● Given information
=== Section Start ===

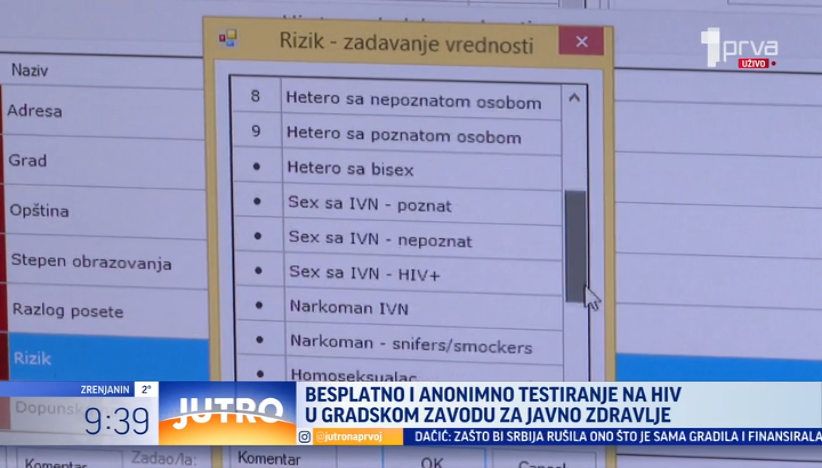 Besplatno i anonimno testiranje na HIV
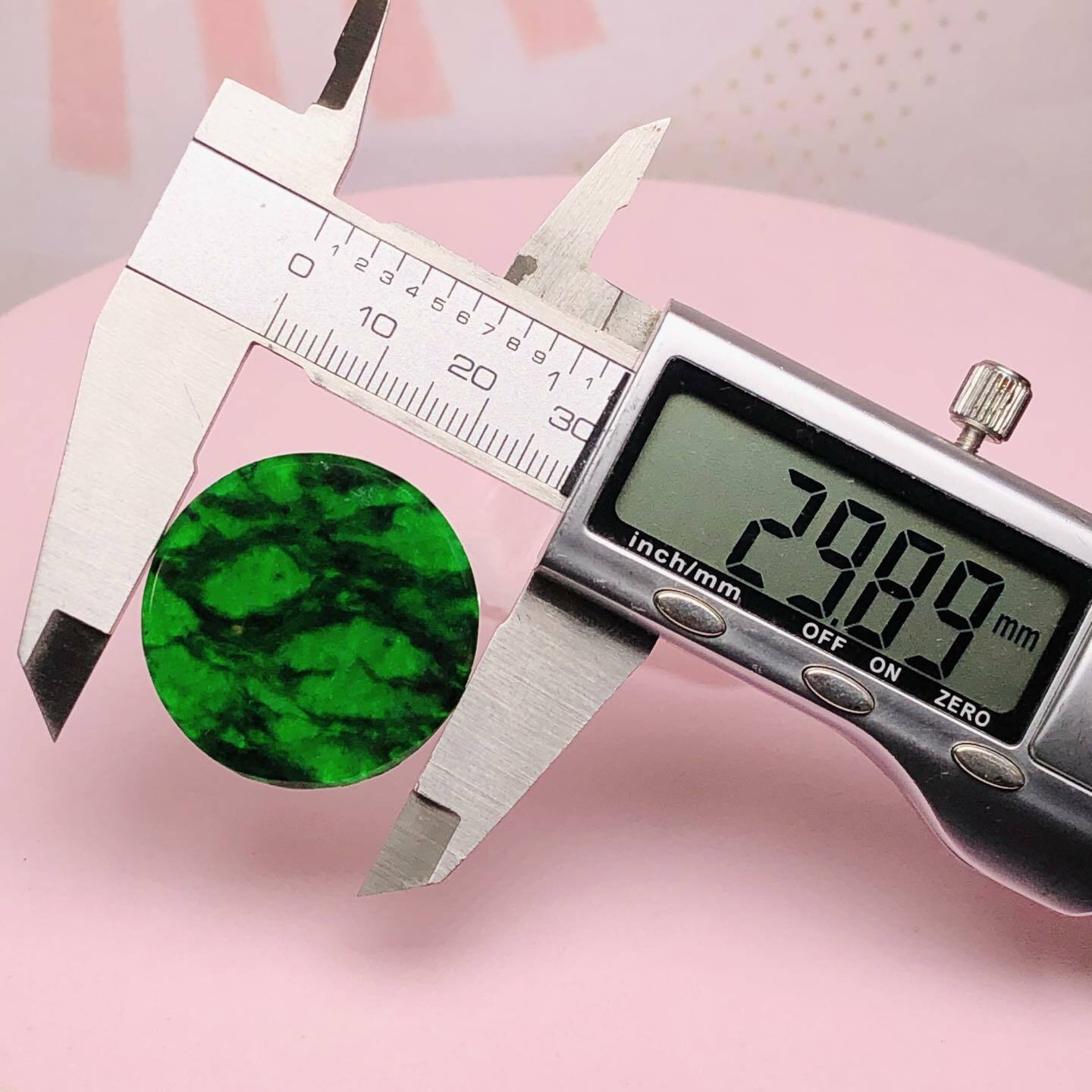 豹紋花青圓牌 - 1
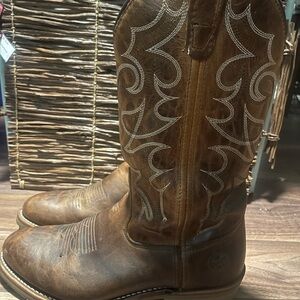 Double H men’s Gel western Boots amazing condition 8.5 Medium slip oil resistant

=== Section End ===

● Work item
Keep every word of the material exactly as given. Drop the pictures.

● Answer below
 Besplatno i anonimno testiranje na HIV
 豹紋花青圓牌 - 1
 Double H men’s Gel western Boots amazing condition 8.5 Medium slip oil resistant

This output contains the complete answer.